Hermione sat down and promptly downed the potion. Now was not the time to distrust Malfoy or worry about old school rivalry, especially since she felt very little like an educated woman at this point. She followed up the potion with a healthy slug of water and a large bite of chocolate doughnut, which was very good and very filling.

"Have as many as you want, looks like you can certainly afford to." Hermione had never gained the weight that she'd lost as a result of the war; the only advantage she saw to this is that Muggle club wear looked good on her.

"Thanks, Malfoy," she said, after she finished the first doughnut and selected a second. "You know, this may sound rather odd, but I thought the janitor looked a bit familiar…but he must be a Muggle, so I suppose not…"

"Of course he looks familiar, didn't he chase you down at the Ministry?

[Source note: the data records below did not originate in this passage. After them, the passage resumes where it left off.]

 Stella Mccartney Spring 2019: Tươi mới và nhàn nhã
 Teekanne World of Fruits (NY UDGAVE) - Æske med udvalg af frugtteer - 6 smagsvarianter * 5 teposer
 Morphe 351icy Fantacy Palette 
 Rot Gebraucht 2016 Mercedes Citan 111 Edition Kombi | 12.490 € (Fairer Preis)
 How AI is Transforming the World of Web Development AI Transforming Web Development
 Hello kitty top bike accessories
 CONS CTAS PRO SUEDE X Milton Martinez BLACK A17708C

Or at least that's what I recall you saying in the trials."

"Yaxley?" she asked, incredulous, as the sound of the floor polisher started again, this time, thankfully further away.

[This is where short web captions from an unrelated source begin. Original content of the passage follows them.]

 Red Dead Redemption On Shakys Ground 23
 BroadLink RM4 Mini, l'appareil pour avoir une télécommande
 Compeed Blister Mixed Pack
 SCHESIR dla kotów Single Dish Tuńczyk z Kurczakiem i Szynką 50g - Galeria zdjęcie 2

"The very same, he requested the day shift and I obliged him."

"Wait…do you…is this…are the…" Hermione wasn't sure exactly how to frame her next question. She recalled reading that Draco was overseeing a group of Death Eaters who'd recently been released on parole from Azkaban.

"Yes, all the parolees work here and live upstairs. I'm letting my parents deal with the mess at the Manor for the time being. My father hadn't bothered with this place since the early 80s, but I'd always wanted to run a club, so here I am." He paused for a moment and lifted his wand, then listened for the floor polisher to shut off, which it obligingly did. "Oi, Corban!" he said, in a slightly louder tone. "The pastries arrived!"

"You didn't actually steal them from the Muggles, did you," Hermione noted, after she took a long drink of water.

"Of course not—I have them delivered for him," and he nodded in the direction of Yaxley, who was clutching a large mug of some sort of beverage.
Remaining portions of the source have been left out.